Search code examples
pythonapache-sparkpyspark

Converting string name to sql datatype in spark


I have been referring to the below article

Spark cast column to sql type stored in string

I am looking for the equivalent code in pyspark.

The problem is that the answer in the above post uses classof[DataTypes] but DataTypes class is not available in pyspark.

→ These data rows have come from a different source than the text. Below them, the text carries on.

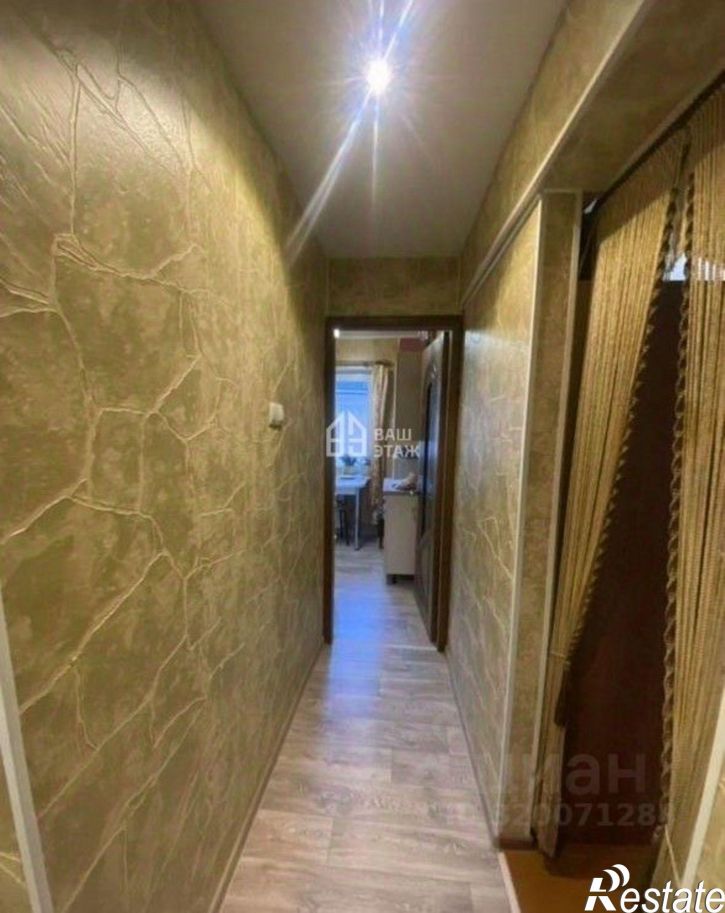 1-комн квартира ул Молодежная, 1,  д. 1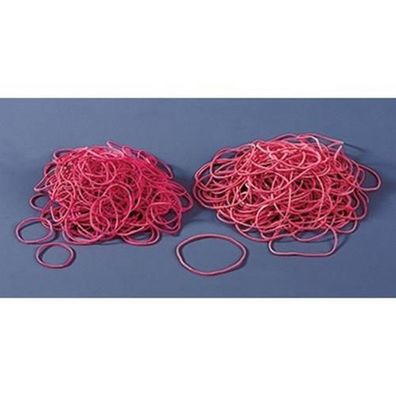 Gummiring Gr.6 40mm rot 1.000 g/Pack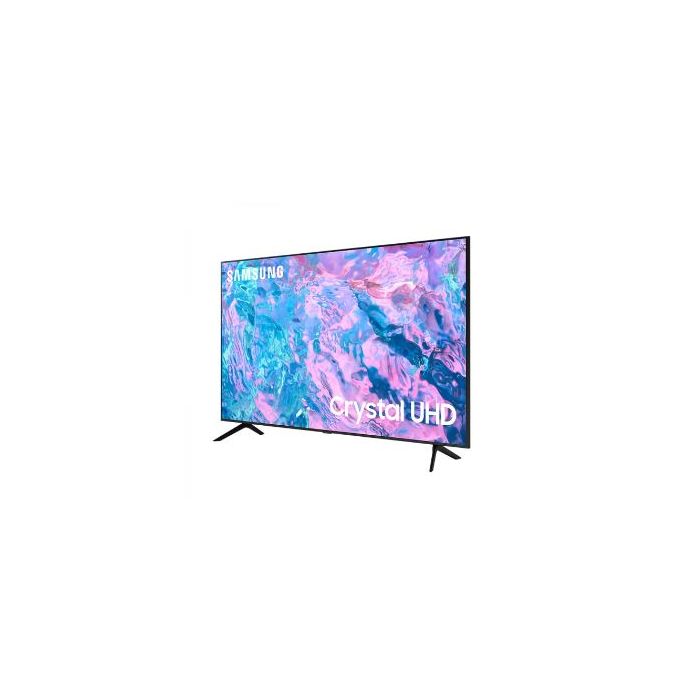 Slide  #1 Samsung TV - CU7000 - 50" 4K Crystal Smart UHD - Noir - Garantie 2 ans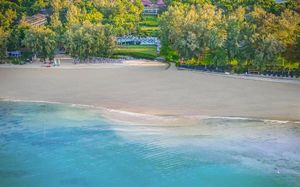 dusit thani krabi beach resort 5*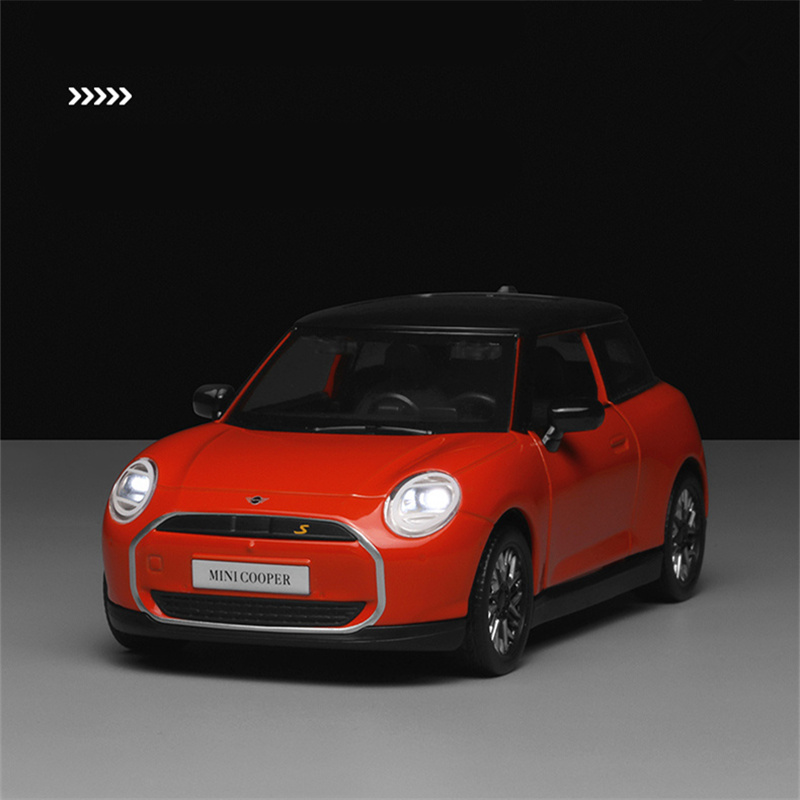 1/28 Mini Cooper Alaşım Araba  - Renewable Energy Kids incelemesi ve fiyatı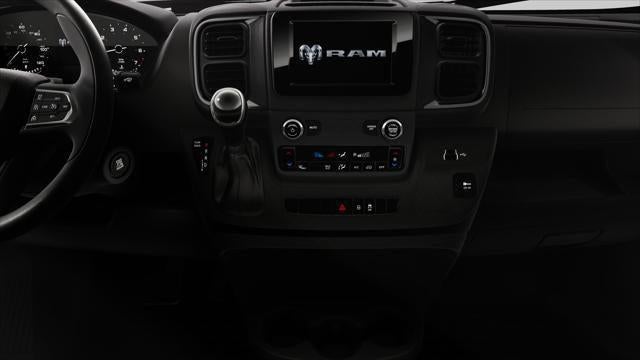 2026 RAM Promaster RAM PROMASTER 1500 TRADESMAN CARGO VAN LOW ROOF 136' WB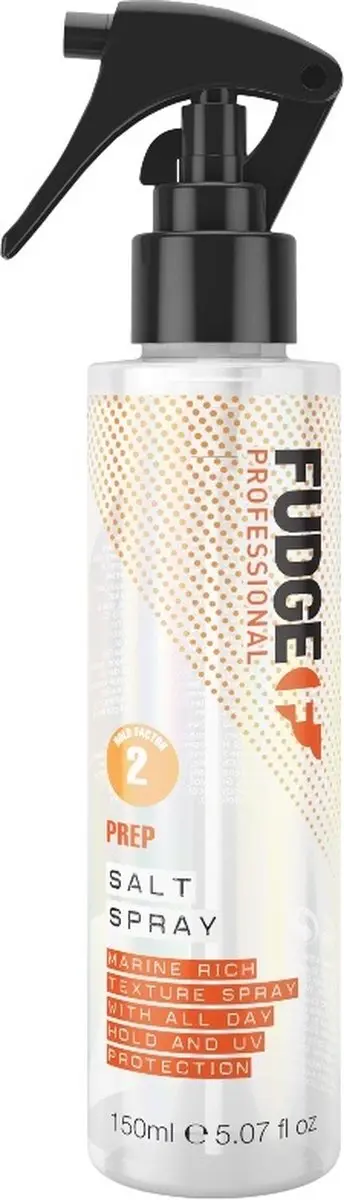 Fudge Prep Salt Spray 150ml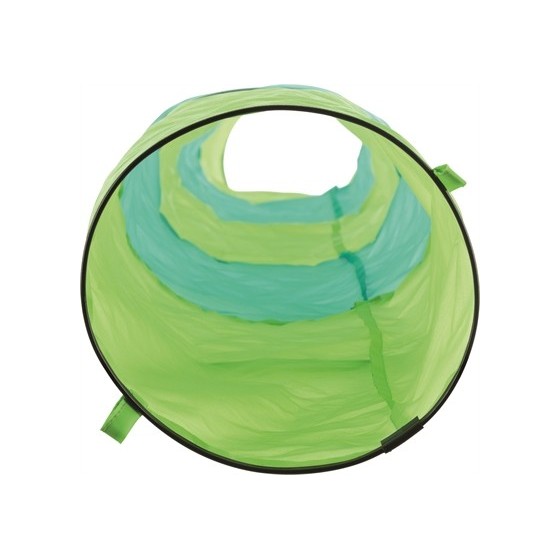 Trixie Speeltunnel Konijnen Assorti 130X18X18 CM 2 ST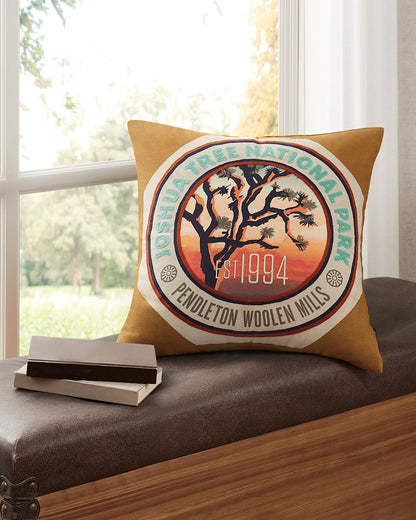 Pendleton Shop Joshua Tree National Park Patch Pillow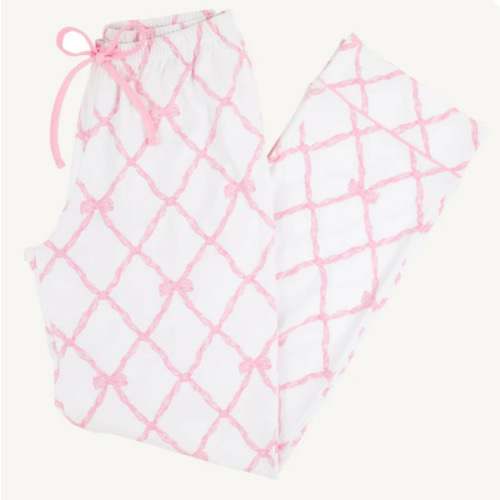 Let Me Lounge Pants (Women) - Belle Meade Bow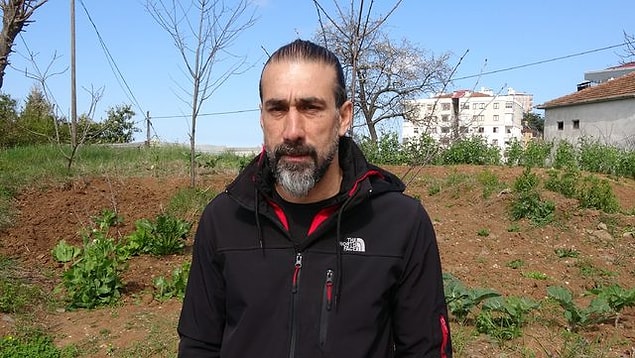 "Zorlandım ama asla bırakmak aklımdan geçmedi"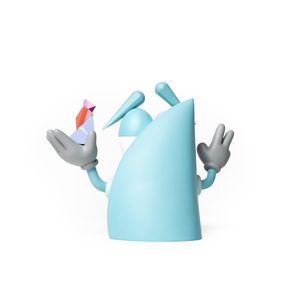 Изготовленная на заказ пластиковая Статуэтка на заказ 3d ПВХ скульптура индивидуальные смолы виниловые фигуры - Product Image 4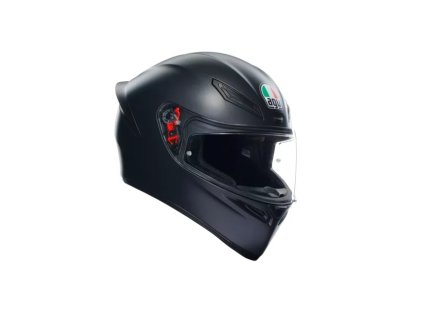 AGV K1 S čierna matná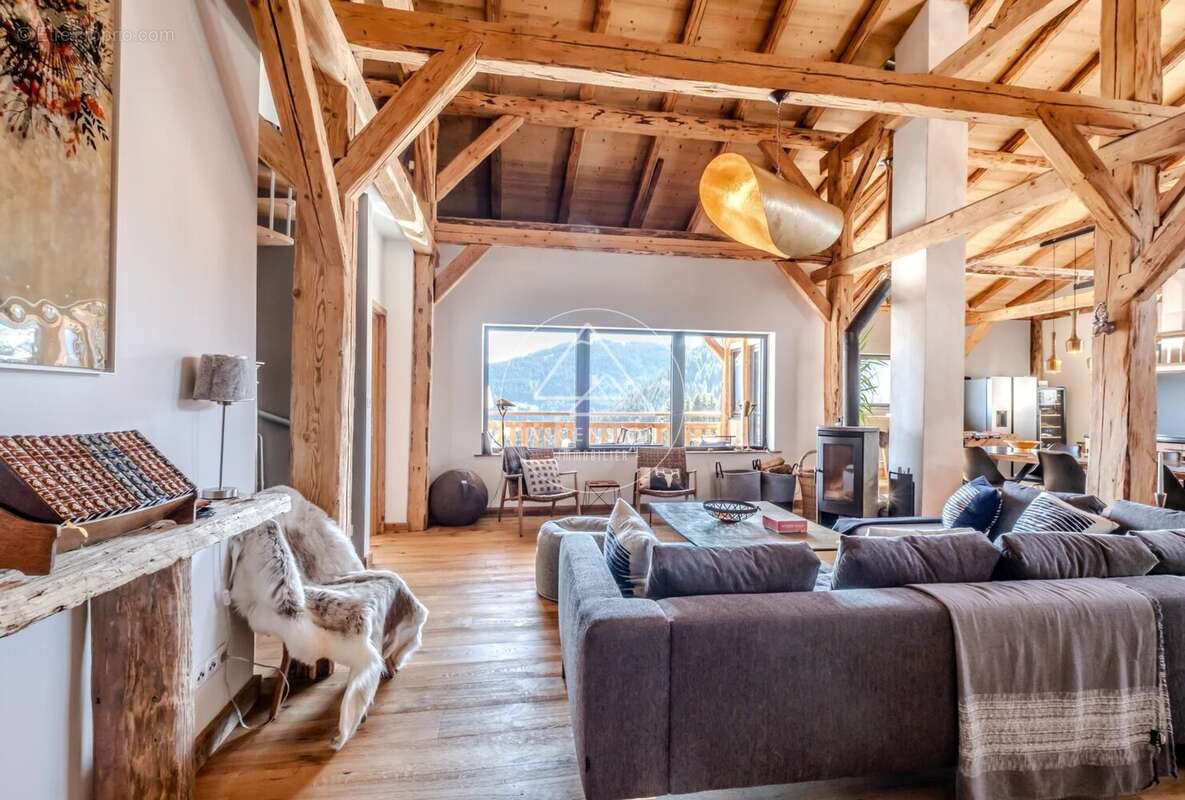 Maison à MORZINE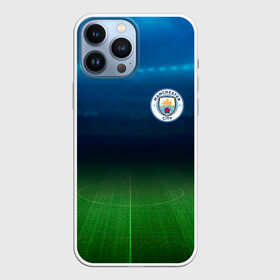 Чехол для iPhone 13 Pro Max с принтом MANCHESTER CITY. в городе Новоалтайск,  |  | Тематика изображения на принте: fc | football | football club | manchester city fc | sport | английский футбольный клуб | манчестер | манчестер сити | спорт | спортивный клуб | уефа | униформа | фирменные цвета | фк | футбол | футбольный клуб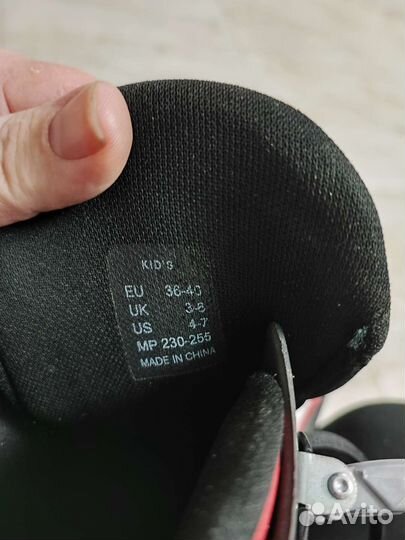 Роликовые коньки 36-40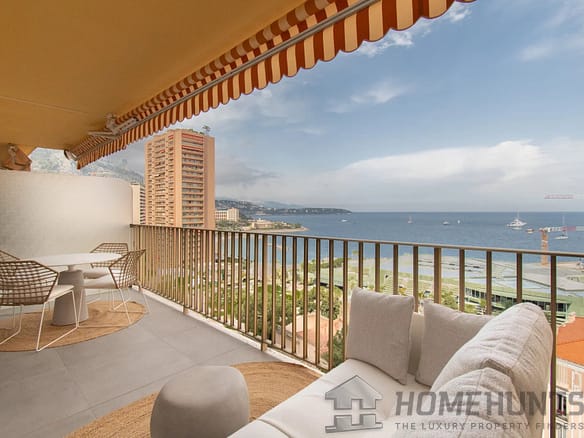 1 Bedroom Apartment in Monaco 32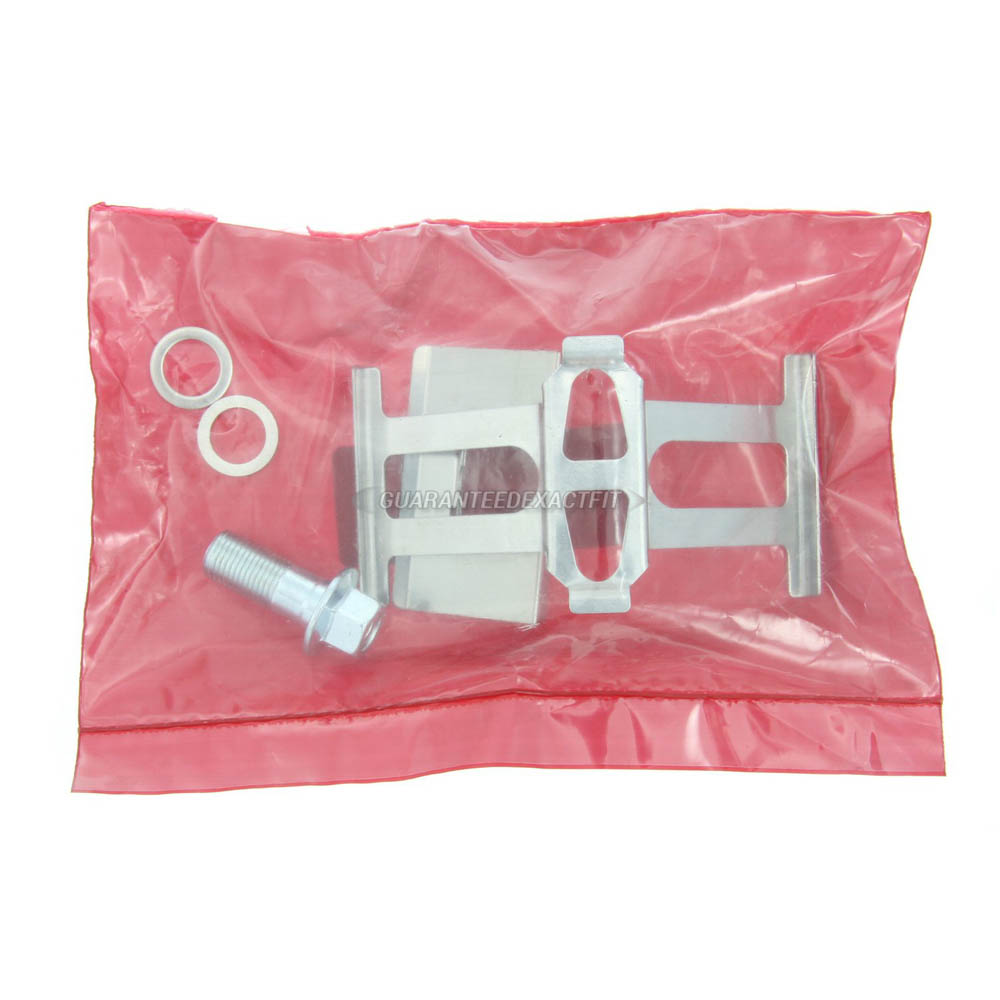 2012 Acura RDX Brake Caliper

What I am trying to do is create the Schema dynamically. so, I have a List as below:

>>> sourceToHiveTypeList
['TimestampType', 'TimestampType', 'StringType', 'StringType', 'IntegerType', 'DoubleType']

and I have defined a UDF

def TableASchema(columnName, columnType): 
   return StructType([
       StructField(columnName[0], getattr(pyspark.sql.types,columnType[0]), nullable = True),
       StructField(columnName[1], getattr(pyspark.sql.types,columnType[1]), nullable = True),
       StructField(columnName[2], getattr(pyspark.sql.types,columnType[2]), nullable = True),
       StructField(columnName[3], getattr(pyspark.sql.types,columnType[3]), nullable = True),
       StructField(columnName[4], getattr(pyspark.sql.types,columnType[4]), nullable = True),
       StructField(columnName[5], getattr(pyspark.sql.types,columnType[5]), nullable = True)
      ])

When I call the above UDF, I get error:

>>> schema = TableASchema(headerColumns, sourceToHiveTypeList)
Traceback (most recent call last):
  File "<stdin>", line 1, in <module>
  File "<stdin>", line 3, in TableASchema
AttributeError: 'module' object has no attribute 'TimestampType()'

Solution

  • If you're looking for a solution, which works only for atomic types (same as the one in the linked question):

    import pyspark.sql.types
    
    def type_for_name(s):
        return getattr(pyspark.sql.types, s)()
    
    type_for_name("StringType")
    # StringType
    

    Complex types could parsed with eval, but due to security implications, I would be very careful:

    def type_for_name_(s):
        types = {
            t: getattr(pyspark.sql.types, t) 
            for t  in dir(pyspark.sql.types) if t.endswith("Type")}
        t = eval(s, types, {})
        return t if isinstance(t, pyspark.sql.types.DataType) else t()
    
    type_for_name_("DecimalType(10, 2)")
    # DecimalType(10,2)
    

    In general I would recommend using short strings (i.e. string, double, struct<x:integer,y:integer> which can be used directly:

    col("foo").cast("integer")
    

    and if you need more complex representation use JSON.